2020 başkanlık seçimleri öncesinde Harris Demokrat Parti adaylığı için Biden’ın rakibi idi. Ön seçim kampanyası sırasında savunduğu politikaların Biden’ın “bir tık” solunda olduğunu söylemek mümkün. Ancak şunu da unutmamak gerek ki ön seçimler sırasında yaşanan rekabet adayları kendilerini farklılaştırma adına her zaman olduğundan daha sert pozisyonlar almaya teşvik edebiliyor. Esas olan seçim kampanyası vaatleri değil; karar alma pozisyonuna gelindiğinde yapılanlar ve yapılmayanlar.
Bidenomics’in mirası
Bidenomics son dönemde epey eleştiri aldı, özellikle de enflasyon konusundaki başarısızlık algısı nedeniyle. Amerikan ekonomisi pandemi sonrası toparlanma sürecinden çıktı. Büyüme ve istihdam rakamları da olumlu seyrediyor. Ancak tüketici fiyatlarının yüksekliği Amerikan halkının Biden politikalarına bakışını olumsuza çevirmiş durumda. Son dönem kamuoyu yoklamaları, Biden’ın ekonomik performansını olumlu bulan seçmenlerin oranında ciddi bir azalmaya işaret ediyordu.
İyisiyle kötüsüyle Biden’ın mirasını devralacak gibi görünen Harris seçimlere kadar elindeki kısıtlı zamanı en iyi şekilde değerlendirerek bir ekonomi politikası ortaya koymak durumunda.

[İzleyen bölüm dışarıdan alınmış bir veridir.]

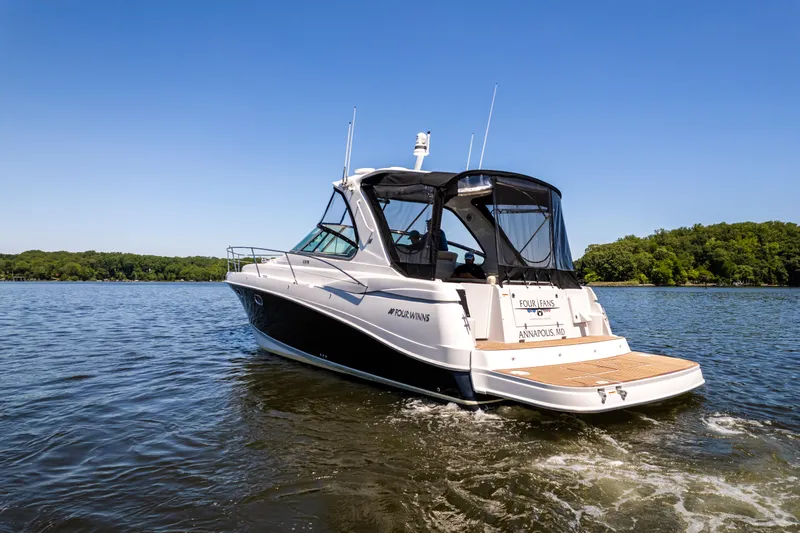 Four Fans Yacht Photos Pics 2008 Four Winns V378 boat cruising on a lake under clear blue skies.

Harris’in sicilinden hareketle Bidenomics’i genel hatlarıyla benimseyeceği ve hatta özellikle sosyal politika alanında Biden’ın eksik bıraktığı kısımları doldurmaya eğilimli olacağı düşünülebilir.
Harris bir yandan kendi ekonomik platformunu Bidenomics’in en olumsuz görünen kısımlarından farklılaştırmaya çalışırken diğer yandan da Trump kanadından gelecek eleştirileri göğüslemek zorunda kalacak. Gerçekliği yeniden kurgulama ustası Trump, Harris’in ekonomik ve sosyal politika vaatlerini karalamakta zorlanmayacaktır. Göçmen politikaları nedeniyle zaten kolay bir hedef olan Harris’i “radikal” olarak yaftalamak Trump için işten bile değil.
Çin ve orta sınıf
Harris’in ekonomik programında şu an için en boş görünen kısım ise dış ticaret ve özellikle Çin ile ilişkiler. Son dönem konuşmalarında ekonomik korumacılık yanlısı olmayan bir Demokrat olduğunun altını sık sık çiziyor Harris. Bir taraftan Çin’i devlet destekli ticaret politikası nedeniyle eleştiren Harris, diğer taraftan Trump’ın Çin mallarına uygulanan gümrük vergisini yükseltme politikasını ise faturayı Amerikan tüketicilerine çıkaracağı gerekçesiyle reddediyor.
Mesele dönüp dolaşıp orta sınıfa geliyor. 2008 finansal krizinden pandemiye, hep en ağır ekonomik faturalarla karşı karşıya kalmış olan bu kesim artık siyasetten çözüm bekliyor. Trump ve Harris Amerikan orta sınıfına farklı şekilde formüle edilmiş seçenekler sunuyor. Hangi seçeneğin daha çok kabul göreceği 5 Kasım seçimlerinin kazananını belirleyecek.